Afterall, traffic is a physics and math problem - flow and numbers.
And this brings me to the key point - AI today is a very powerful tool to handle large sets of numbers and data. It has immense capabilities to help us understand the world on a macro level vs. our own understanding, which is usually limited to more local situations and scenarios. We evolved to interact with a small set of connections - a few dozen - not with thousands, millions, and billions. However, computers, and computations are quite content with huge sets of data and highly repetitive tasks - and I am aware that I am anthropomorphizing here.
Eventually, it is the collaboration, and work that humans can accomplish together with machines / computers that will create value for everyone. From all I am reading and learning, I do not believe that the current artificial intelligence is close to the capability of having sentience and what we would consider thinking.
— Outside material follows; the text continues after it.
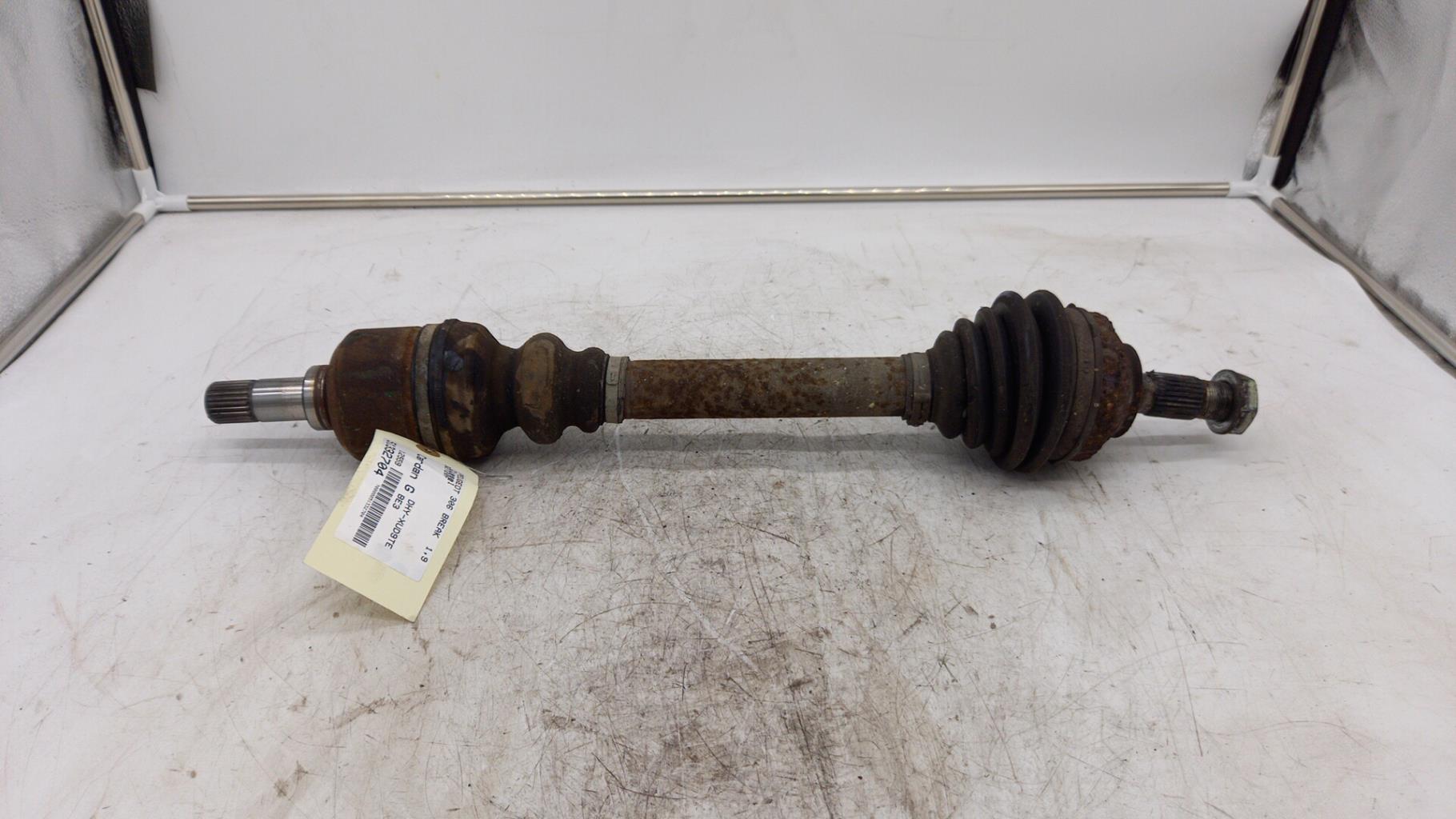 Giunto cardanico albero di trasmissione sinistro PEUGEOT 306 BREAK Diésel - 1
Even the highly sophisticated GPT-3, DALL-E 2, or Google’s LaMDA are extremely well adept at very specific tasks - verbal or image processing - yet this is based on internalizing an unimaginable number of words, sentences, and pictures, and evaluating patterns, then applying them to new problems posed to the algorithm. This may give the illusion that there is some “thinking” happening in the background, and provide some sense of sentience. However, this is only an illusion.
Recently, we hear of the Google engineer who claimed LaMDA was sentient. We also saw articles related to Google’s AI passing the famous Touring Imitation Game test. However, I believe that this simply demonstrated that the test, proposed in the 60's, is no longer valid.
So, we should focus on leveraging the great power and value that our current AI has to offer, while paying attention to the usual MLOps best practices, and paying close attention to maintaining our ability to explain what the AI algorithms are doing - “...with great power comes great responsibility.”?
In the next posts, I intend to delve deeper into the concept of “superminds” and the aspect of model drift that eventually impacts all AI systems.